Was Elfriede Müller zurecht als “Trostlosigkeit” konstatiert, ist ein anthropologischer Pessimismus. In ihn ist die Bitternis des von den spanischen Sozialisten vollständig enttäuschten Linken Chirbes nach seinem “Krematorium” offenbar umgeschlagen. Insofern steht er nun “Am Ufer” einer Katastrophe, die ihm die letzten Tage der Menschheit zu annoncieren scheint – und nicht nur eine spanische Tragödie.

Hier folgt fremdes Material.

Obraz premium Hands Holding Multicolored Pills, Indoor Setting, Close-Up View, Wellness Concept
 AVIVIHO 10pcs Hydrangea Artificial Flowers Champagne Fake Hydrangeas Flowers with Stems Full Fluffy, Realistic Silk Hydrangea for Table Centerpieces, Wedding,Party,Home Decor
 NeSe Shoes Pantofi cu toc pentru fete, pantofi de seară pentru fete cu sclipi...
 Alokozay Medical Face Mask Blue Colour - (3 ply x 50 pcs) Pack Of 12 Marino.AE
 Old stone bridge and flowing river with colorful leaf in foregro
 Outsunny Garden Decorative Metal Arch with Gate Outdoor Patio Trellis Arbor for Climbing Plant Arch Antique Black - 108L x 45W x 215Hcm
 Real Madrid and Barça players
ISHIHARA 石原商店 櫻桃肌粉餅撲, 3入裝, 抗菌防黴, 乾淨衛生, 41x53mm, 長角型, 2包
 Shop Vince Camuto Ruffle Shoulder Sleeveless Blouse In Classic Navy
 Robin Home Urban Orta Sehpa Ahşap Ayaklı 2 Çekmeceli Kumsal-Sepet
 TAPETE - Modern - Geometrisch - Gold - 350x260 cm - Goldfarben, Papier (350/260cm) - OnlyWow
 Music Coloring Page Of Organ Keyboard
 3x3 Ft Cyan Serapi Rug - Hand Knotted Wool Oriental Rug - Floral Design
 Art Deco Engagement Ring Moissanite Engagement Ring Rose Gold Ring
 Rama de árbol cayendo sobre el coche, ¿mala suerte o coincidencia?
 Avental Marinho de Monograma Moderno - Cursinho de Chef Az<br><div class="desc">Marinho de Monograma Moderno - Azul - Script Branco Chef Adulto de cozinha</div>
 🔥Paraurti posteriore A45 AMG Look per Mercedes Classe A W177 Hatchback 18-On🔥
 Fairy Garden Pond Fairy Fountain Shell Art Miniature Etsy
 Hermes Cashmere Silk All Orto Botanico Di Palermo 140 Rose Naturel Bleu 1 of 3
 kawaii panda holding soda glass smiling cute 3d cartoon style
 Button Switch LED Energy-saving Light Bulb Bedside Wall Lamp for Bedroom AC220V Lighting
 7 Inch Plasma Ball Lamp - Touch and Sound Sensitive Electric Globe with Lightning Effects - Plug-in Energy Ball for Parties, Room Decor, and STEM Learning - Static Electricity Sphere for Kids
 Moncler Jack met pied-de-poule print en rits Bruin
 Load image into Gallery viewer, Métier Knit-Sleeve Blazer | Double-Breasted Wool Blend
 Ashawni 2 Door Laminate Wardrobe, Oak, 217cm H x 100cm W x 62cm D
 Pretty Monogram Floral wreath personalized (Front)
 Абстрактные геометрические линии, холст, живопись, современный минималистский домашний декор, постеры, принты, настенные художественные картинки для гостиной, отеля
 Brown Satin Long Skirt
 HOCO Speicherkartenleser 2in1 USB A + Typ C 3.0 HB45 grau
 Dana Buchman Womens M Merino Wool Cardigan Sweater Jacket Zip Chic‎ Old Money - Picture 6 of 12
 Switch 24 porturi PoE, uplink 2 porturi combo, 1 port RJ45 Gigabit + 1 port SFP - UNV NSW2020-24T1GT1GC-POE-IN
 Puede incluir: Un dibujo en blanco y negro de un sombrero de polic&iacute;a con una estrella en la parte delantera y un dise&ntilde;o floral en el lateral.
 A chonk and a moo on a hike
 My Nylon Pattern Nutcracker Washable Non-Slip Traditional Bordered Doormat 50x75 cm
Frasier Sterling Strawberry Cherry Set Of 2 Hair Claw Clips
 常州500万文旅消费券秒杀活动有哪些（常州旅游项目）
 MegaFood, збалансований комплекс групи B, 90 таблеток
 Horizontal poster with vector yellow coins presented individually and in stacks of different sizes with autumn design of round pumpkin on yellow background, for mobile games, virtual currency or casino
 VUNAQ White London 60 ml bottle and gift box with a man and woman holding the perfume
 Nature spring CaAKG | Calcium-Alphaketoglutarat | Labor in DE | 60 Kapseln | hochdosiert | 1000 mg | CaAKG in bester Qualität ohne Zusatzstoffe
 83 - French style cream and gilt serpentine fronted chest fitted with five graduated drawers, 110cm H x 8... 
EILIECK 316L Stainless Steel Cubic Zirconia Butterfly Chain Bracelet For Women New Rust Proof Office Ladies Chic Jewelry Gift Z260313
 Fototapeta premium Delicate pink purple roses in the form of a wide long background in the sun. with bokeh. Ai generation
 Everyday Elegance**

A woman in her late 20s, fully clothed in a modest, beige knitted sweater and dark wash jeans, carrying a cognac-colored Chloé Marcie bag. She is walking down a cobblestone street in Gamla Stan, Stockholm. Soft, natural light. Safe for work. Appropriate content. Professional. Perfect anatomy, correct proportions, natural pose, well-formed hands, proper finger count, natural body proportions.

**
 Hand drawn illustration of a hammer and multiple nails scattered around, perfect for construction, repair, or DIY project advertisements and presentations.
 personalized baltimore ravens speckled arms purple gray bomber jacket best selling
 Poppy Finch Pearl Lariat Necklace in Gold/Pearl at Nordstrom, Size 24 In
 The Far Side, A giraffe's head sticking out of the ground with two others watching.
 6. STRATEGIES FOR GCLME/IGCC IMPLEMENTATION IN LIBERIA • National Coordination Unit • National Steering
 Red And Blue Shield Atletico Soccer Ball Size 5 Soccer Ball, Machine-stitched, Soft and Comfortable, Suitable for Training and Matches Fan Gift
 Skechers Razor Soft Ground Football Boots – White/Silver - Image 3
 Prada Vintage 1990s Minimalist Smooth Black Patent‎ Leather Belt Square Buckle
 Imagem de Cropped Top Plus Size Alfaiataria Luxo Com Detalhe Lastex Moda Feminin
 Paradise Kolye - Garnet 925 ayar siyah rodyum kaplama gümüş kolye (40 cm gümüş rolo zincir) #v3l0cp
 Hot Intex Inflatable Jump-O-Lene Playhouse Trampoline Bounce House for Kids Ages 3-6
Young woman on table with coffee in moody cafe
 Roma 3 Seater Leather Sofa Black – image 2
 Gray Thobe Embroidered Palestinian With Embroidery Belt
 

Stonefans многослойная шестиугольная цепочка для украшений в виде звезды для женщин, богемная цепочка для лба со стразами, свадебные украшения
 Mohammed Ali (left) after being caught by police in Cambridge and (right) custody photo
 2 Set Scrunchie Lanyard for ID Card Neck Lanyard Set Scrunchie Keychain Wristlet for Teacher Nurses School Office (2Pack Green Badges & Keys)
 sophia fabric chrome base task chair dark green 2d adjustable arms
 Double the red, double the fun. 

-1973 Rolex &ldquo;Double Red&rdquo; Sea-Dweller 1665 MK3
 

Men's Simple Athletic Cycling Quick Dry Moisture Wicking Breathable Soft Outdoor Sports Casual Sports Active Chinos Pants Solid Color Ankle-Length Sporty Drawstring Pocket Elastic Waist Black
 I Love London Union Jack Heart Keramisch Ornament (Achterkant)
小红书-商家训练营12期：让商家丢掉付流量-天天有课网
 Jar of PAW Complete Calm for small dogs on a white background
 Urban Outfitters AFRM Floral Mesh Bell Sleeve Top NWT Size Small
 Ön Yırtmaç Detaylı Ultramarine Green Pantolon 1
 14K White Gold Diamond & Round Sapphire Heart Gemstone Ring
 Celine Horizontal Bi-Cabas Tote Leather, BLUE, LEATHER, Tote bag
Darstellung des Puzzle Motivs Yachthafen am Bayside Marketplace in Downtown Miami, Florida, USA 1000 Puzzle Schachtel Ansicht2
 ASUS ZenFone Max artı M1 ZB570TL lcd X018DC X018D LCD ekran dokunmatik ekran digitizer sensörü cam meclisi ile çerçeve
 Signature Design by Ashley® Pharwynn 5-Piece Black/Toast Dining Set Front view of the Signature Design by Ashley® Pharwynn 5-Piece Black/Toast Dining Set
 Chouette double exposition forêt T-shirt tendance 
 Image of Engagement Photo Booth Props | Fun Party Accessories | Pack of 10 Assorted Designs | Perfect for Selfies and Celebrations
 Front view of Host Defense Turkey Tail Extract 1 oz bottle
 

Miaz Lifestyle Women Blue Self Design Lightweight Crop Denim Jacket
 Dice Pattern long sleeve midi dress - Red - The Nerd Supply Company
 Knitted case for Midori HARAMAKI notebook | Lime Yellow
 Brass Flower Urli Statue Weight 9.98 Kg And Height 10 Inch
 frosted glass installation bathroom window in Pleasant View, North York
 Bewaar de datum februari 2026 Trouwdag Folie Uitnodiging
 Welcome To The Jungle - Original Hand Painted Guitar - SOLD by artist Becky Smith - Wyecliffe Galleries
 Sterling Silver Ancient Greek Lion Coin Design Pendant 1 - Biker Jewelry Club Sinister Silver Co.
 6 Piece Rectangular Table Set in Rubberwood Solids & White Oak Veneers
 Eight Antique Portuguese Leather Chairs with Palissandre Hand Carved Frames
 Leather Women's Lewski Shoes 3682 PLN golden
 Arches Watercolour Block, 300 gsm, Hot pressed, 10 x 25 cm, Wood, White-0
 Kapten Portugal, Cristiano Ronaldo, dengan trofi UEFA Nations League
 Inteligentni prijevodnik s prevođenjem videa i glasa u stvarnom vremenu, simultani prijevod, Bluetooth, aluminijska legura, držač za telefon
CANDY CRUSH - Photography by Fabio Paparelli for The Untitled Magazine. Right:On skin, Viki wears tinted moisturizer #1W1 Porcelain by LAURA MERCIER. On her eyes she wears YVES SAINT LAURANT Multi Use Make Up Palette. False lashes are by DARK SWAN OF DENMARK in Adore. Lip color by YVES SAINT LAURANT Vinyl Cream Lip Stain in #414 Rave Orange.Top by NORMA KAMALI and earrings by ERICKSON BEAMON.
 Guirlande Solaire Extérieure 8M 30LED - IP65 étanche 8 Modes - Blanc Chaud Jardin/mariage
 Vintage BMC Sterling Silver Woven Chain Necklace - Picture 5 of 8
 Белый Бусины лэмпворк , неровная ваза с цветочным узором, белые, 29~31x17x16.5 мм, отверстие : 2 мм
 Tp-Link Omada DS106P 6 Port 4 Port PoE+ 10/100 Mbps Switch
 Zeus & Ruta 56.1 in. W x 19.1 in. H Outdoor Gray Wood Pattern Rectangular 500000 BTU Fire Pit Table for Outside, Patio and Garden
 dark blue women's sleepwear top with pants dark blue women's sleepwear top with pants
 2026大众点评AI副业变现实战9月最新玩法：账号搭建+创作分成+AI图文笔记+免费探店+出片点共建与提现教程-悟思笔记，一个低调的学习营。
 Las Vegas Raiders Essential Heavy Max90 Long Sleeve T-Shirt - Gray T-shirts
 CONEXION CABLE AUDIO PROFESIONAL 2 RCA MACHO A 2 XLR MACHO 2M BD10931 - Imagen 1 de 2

Als sich mir der Eindruck des literarischen Scheiterns von Rafael Chirbes letztem Roman verdichtete, fielen mir Brechts Zeilen aus seiner lyrischen Adresse “An die Nachgeborenen” ein, die für das trotz aller Einwände immer noch große, gewagte Buch des Spaniers auch zutreffen mögen: “Auch der Hass gegen die Niedrigkeit / Verzerrt die Züge./ Auch der Zorn über das Unrecht / macht die Stimme heiser.

Wolfram Schütte

Rafael Chirbes: Am Ufer. Roman. Verlag Antje Kunstmann, München 2014. 400 Seiten. 24,95 Euro, eBook 19,99 Euro.